First, a broad background of the foundation that makes CRT even possible.

We start with what is clearly an agenda of the Far Left — to destroy Americans’ pride in, and love of, their country. They call that “reality.” With that love gone, Americans can be shaped into something else, something more malleable, perhaps, more open to following, and obeying.

Let’s look at two pieces of evidence.

There was The New York Times 2019 publication of The 1619 Project, which demands we accept the entirely atrocious and fictitious idea that “America” actually “began” with the arrival of the first slaves in that year.

This is not history, it is hysteria. And historians challenged its false narrative.  

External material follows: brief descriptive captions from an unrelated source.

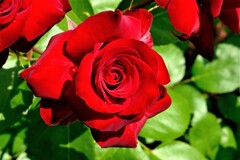 情熱の赤い薔薇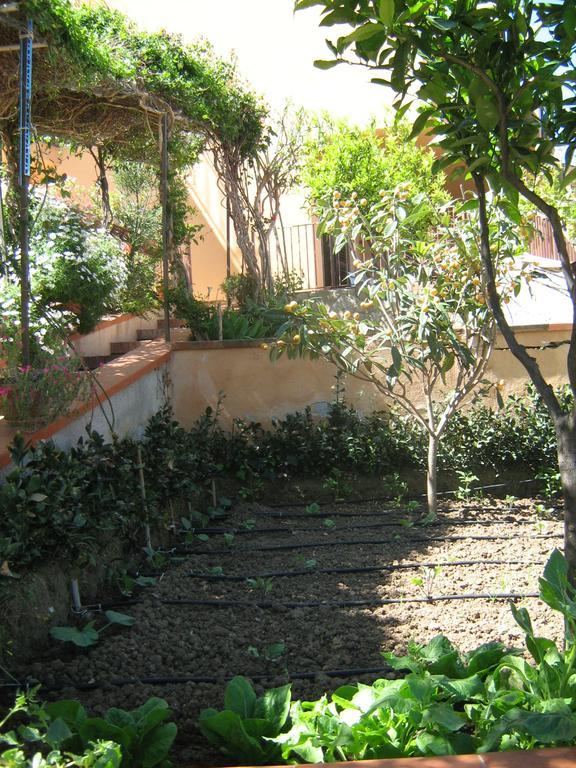 Terrazza Mimosa Apartamento Cefalù Exterior foto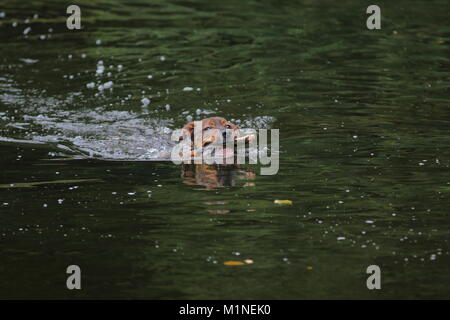 Einen Hund holt einen Stock von einem See Stockfoto
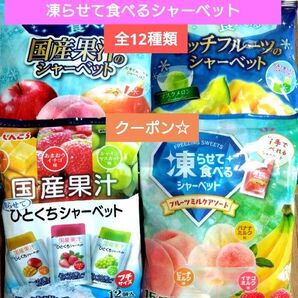 ☆全12種類☆凍らせて食べるシャーベット【4袋 合計57個】 ★特価★折り紙1枚⑥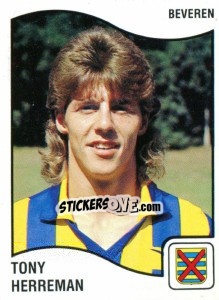 Sticker Tony Herreman - Football Belgium 1989-1990 - Panini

Third-graders know the USA’s “birth certificate” actually was the Declaration of Independence in 1776 — at least until progressives can purge that from the history books. The Declaration is a document, it is a fact, and it is the indisputable proof of the birth of a new nation. That’s why England went to war to kill it.

The 1619 Project would have you believe the War of Independence was fought basically to maintain slavery and retain white supremacy. Taxation, quartering of soldiers, obstruction of justice, and political oppression had nothing at all to do with it. The 1619 Project asks you to ignore, or to disbelieve, the Declaration of Independence, which actually lists the grievances of the colonists.

The 1619 Project blames a nonexistent USA, rather than imperial Britain, for the introduction of the evil of slavery. 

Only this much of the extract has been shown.